Commonwealth v. Civello

Greenberg, J.

After a jury trial in the Superior Court, the defendant was convicted on an indictment charging indecent assault and battery on a child under fourteen years of age, in violation of G. L. c. 265, § 13B. Two additional charges of forcible rape of the complainant resulted in verdicts of not guilty (see note 1, infra). The sole issue on appeal is whether the trial judge erred in denying the defendant the right to cross-examine the complainant about her knowledge that accusations of sexual abuse could result in the defendant’s removal from her home. We conclude that the judge improperly limited the scope of the defendant’s cross-examination and that the defendant is entitled to a new trial.

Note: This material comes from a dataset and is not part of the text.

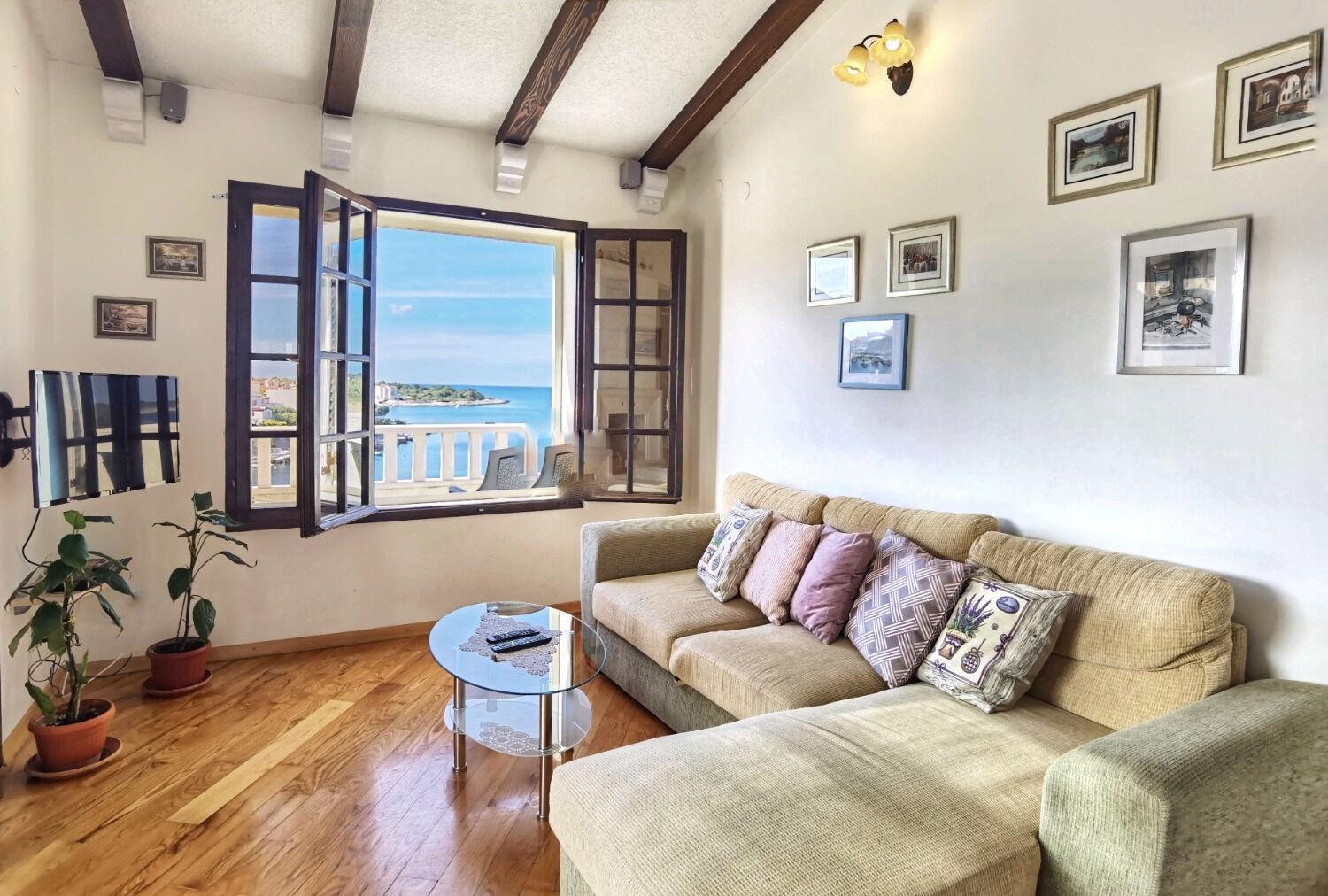Apartment Branka - 30 M From *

*374The evidence produced at trial relating to the incident of which the defendant was convicted may be summarized as follows. The complainant testified that the incident occurred in early July, 1989, when the complainant was twelve years old and while her mother was at work. While sitting on a chair watching television, the defendant (the husband of the complainant’s mother) pulled the complainant to the floor, tried to pull down her pajama pants, and a struggle ensued. The defendant eventually removed the complainant’s clothes by tickling her and then proceeded to rub his penis on her, squeeze and suck her breasts, and engage in cunnilingus. Later, she joined her mother and the defendant for pizza and went to bed.1

As part of his defense, the defendant sought to establish the complainant’s bias through a threefold attack: (1) showing that the complainant resented the attention her mother lavished on the defendant after their marriage; (2) eliciting testimony that the complainant was upset about the restrictions the defendant imposed on her freedom; and (3) demonstrating that the complainant had threatened to report the defendant to the Department of Social Services (DSS) for “abuse” in an effort to remove him from her home.

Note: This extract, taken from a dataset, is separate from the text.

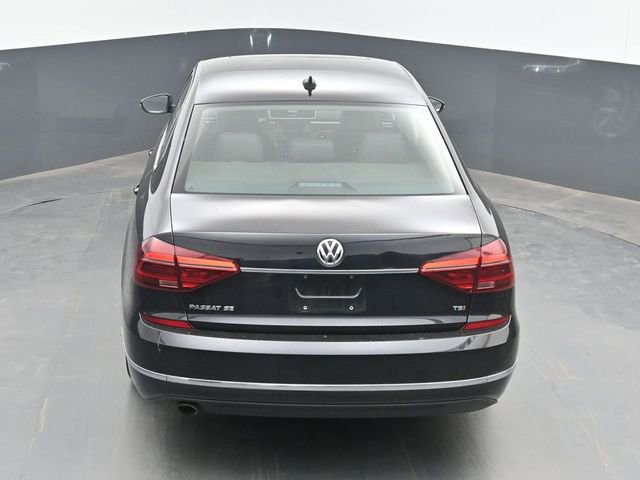 Used 2018 Volkswagen Passat 2.0T SE FWD image 24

*375Much of this bias theme was presented to the jury. The complainant’s mother testified on behalf of the defendant about the difficulties wrought by the defendant’s attempts to discipline the complainant. In addition, the complainant acknowledged that, about two months, after she returned to the household from a foster home, she threatened to report the defendant to the DSS for “abuse” if she did not “get [her] way.” Although the complainant testified that her threat did not refer to “[s]exual abuse,” her mother testified otherwise. Specifically, the complainant’s mother related to the jury that two months after the complainant returned home she made threats to report the defendant for indecent conduct.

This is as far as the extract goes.